**Listed entries**
Segment Open

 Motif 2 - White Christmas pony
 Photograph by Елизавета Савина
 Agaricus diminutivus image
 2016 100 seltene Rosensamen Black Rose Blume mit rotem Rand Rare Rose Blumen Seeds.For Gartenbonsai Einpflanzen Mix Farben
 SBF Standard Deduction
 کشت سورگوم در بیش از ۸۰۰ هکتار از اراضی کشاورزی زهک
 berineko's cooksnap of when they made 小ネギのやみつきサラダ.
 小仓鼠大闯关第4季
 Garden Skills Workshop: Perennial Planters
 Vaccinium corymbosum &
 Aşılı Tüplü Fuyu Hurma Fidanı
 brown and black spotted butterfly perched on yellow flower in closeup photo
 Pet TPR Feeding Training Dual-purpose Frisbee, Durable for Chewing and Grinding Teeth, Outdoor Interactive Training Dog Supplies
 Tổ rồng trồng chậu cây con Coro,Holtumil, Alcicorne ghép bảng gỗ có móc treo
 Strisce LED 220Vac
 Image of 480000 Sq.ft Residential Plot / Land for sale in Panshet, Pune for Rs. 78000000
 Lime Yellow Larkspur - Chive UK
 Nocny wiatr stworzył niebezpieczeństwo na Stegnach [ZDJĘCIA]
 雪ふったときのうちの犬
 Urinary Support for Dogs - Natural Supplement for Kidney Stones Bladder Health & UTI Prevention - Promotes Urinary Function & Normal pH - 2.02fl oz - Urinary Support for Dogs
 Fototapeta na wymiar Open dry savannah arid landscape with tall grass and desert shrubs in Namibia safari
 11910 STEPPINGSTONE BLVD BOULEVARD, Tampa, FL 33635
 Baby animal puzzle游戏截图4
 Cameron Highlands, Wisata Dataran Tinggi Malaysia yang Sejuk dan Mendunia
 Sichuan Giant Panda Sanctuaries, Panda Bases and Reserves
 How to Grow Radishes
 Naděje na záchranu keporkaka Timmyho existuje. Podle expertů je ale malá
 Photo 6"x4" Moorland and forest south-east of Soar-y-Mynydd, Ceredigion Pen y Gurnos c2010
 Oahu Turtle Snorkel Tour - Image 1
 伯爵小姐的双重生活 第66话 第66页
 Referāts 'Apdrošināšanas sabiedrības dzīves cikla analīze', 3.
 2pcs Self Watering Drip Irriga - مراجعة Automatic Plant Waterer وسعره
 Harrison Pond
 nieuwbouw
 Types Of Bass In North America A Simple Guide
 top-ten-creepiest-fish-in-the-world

Segment Closed

**To do**
What is needed is an exact copy of the lines above, from the one containing "brown and black" through the one containing "伯爵小姐的双重生活 第66话 第66页", with nothing added.

**Exercise output**
 brown and black spotted butterfly perched on yellow flower in closeup photo
 Pet TPR Feeding Training Dual-purpose Frisbee, Durable for Chewing and Grinding Teeth, Outdoor Interactive Training Dog Supplies
 Tổ rồng trồng chậu cây con Coro,Holtumil, Alcicorne ghép bảng gỗ có móc treo
 Strisce LED 220Vac
 Image of 480000 Sq.ft Residential Plot / Land for sale in Panshet, Pune for Rs. 78000000
 Lime Yellow Larkspur - Chive UK
 Nocny wiatr stworzył niebezpieczeństwo na Stegnach [ZDJĘCIA]
 雪ふったときのうちの犬
 Urinary Support for Dogs - Natural Supplement for Kidney Stones Bladder Health & UTI Prevention - Promotes Urinary Function & Normal pH - 2.02fl oz - Urinary Support for Dogs
 Fototapeta na wymiar Open dry savannah arid landscape with tall grass and desert shrubs in Namibia safari
 11910 STEPPINGSTONE BLVD BOULEVARD, Tampa, FL 33635
 Baby animal puzzle游戏截图4
 Cameron Highlands, Wisata Dataran Tinggi Malaysia yang Sejuk dan Mendunia
 Sichuan Giant Panda Sanctuaries, Panda Bases and Reserves
 How to Grow Radishes
 Naděje na záchranu keporkaka Timmyho existuje. Podle expertů je ale malá
 Photo 6"x4" Moorland and forest south-east of Soar-y-Mynydd, Ceredigion Pen y Gurnos c2010
 Oahu Turtle Snorkel Tour - Image 1
 伯爵小姐的双重生活 第66话 第66页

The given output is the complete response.